Atonement September 20, 2009 Gary Griffiths (Los Altos Hills, CA United States) 2 out of 4 found this review helpful
For Da Vinci Code fans suffering though Dan Brown's long hiatus, "The Lost Symbol", while formulaic, will not disappoint. Harvard professor Robert Langdon stays a lot closer to his Cambridge home this time around, as he is lured to Washington, DC, by old friend and mentor Peter Solomon, the ultra-wealthy head of the Smithsonian Institution. Wasting little time to get the adrenaline flowing, Solomon turns up kidnapped, leaving a grisly clue beneath the dome of the US Capitol Building. Soon Langdon scrambling for clues and playing hide-and-seek with a shadowy branch of the CIA in a frenzied attempt to save his friend's life.
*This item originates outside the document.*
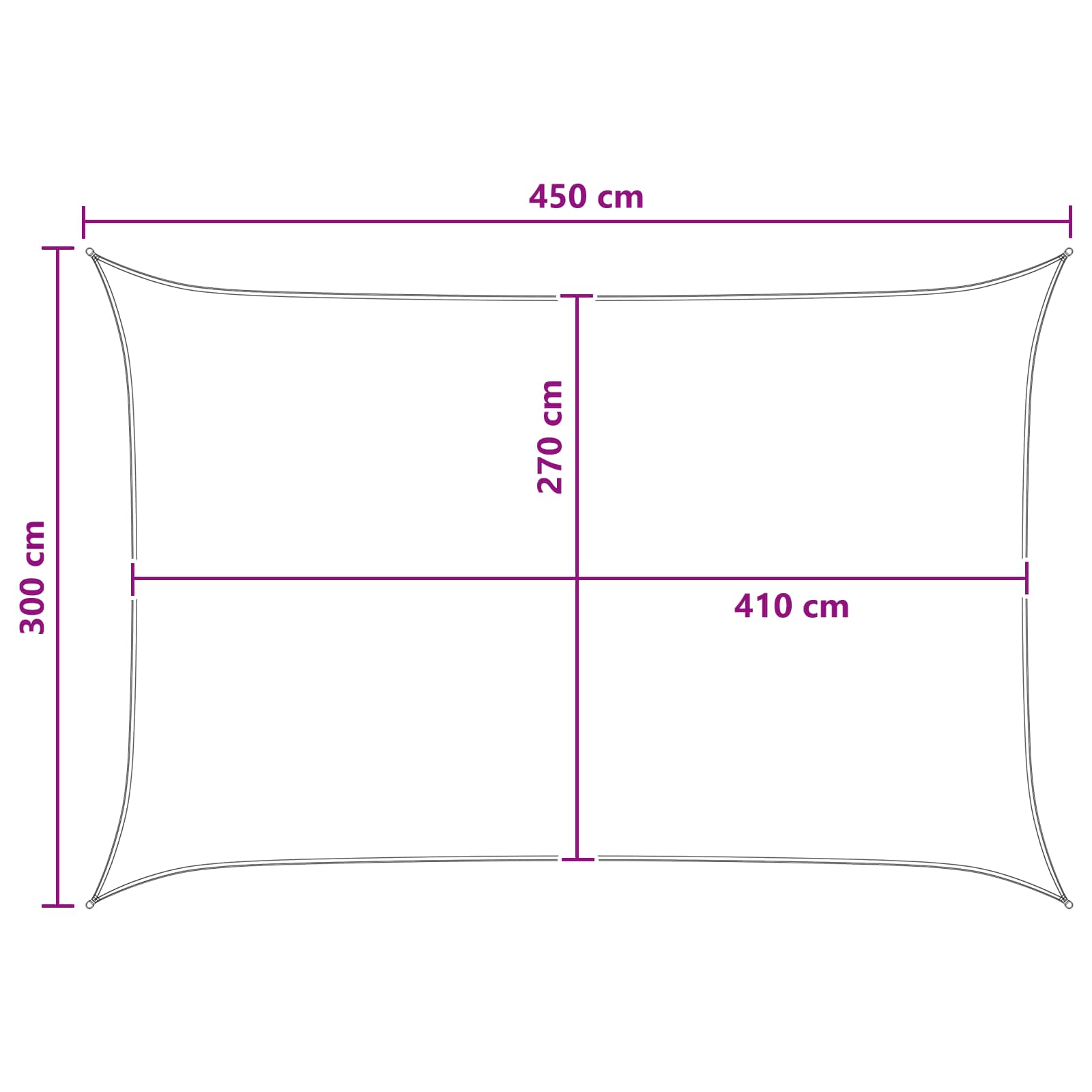 Telo Ombra 3 x 4,5 m HDPE Rettangolare Grigio chiaro e bianco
As with "Da Vinci' and "Angels and Demons" before it, ancient symbology and historical minutia is the core around which Brown spins the action, this time diving deep into the lore and secret rituals of the Masons, and the connection between the Masons and the US Founding Fathers. The Masons are arguably the least understood and most commonly maligned "secret" society in history, standard fare for conspiracy theorists and a seemingly inexhaustible stream of second-rate thrillers and B movies. But Brown covers this delicate topic with an even hand, treating this venerable group with a revealing intelligence and due respect. This makes for a riveting page-turner crafted around an impossibly diabolical antagonist, a cleverly fiendish tattooed hulk who calls himself "Mal'akh." Rapid-fire chapters, a nicely done link between ancient wisdom and the arcane emerging field of science known as "Noetics", the study of the unhidden power of collective human thought, lead through a series of non-stop cliffhangers to a well hidden twist at the finish line.
Where the heretical theme of "The Da Vinci Code" infuriated many Christian's, Brown tones down the rhetoric here, striking a fair balance between the secular and the spiritual. In fact, and perhaps as appeasement to some of those he may have offended, there is a deeply spiritual element to "Lost Symbol" that is thought provoking in topics ranging from the substance of the soul to the relevance and immortality of The Bible. With enough conspiracy to keep the black helicopter crowd happy - including actual black helicopters - and some unabashed but enjoyable similarity to the "National Treasure" films add up for a fast, entertaining, and educational read.
Of course, it is not perfect. While Langdon's "brains over brawn" is a refreshing change to the typical 44-Magnum-toting pop thriller protagonist, the thin, stereotyped characters and lame dialog are classic Dan Brown. The breakneck pace falters near the end, dragging on an overly long 60-plus pages after the true climax. And as Brown has his own history of playing a bit loose with some of his facts, there is little doubt that parts of "Lost Symbol" will frustrate the purists out there. But for the rest of us, this is a riveting page-turner and lots of fun - another Brown thrill fest where plot and context trump the deficiencies, including all the ingredients for another wild bestseller that most will love while infuriating others who, as with Da Vinci code before it, will love to hate it.
The Lost Symbol September 20, 2009 Terence K. Young (Peoria, IL. USA) 4 out of 5 found this review helpful
Initially I found The Lost Symbol to be an enjoyable, fast paced novel. I thought the subject was exciting. However toward the last third of the book I found it tedious...so much religious justification that it became a tired lecture on the commonality and unification of all religions. The discourse simply continued and continued...points driven in repeatedly until they became tired and repetitious. I believe the last third of the novel could be removed and it would be much more enjoyable. Frankly I am convinced that very few readers will seriously read the last third with any depth of understanding...they'll slide their eyes over those pages looking for the end of the novel. I liked The Lost Symbol...glad I read it...but found it pedantic and boring a good measure of the time.
great book worth the wait. September 20, 2009 0 out of 6 found this review helpful
outstanding book. the reseach into the philosophical basis of freemasonry was epic. thank you dan brown.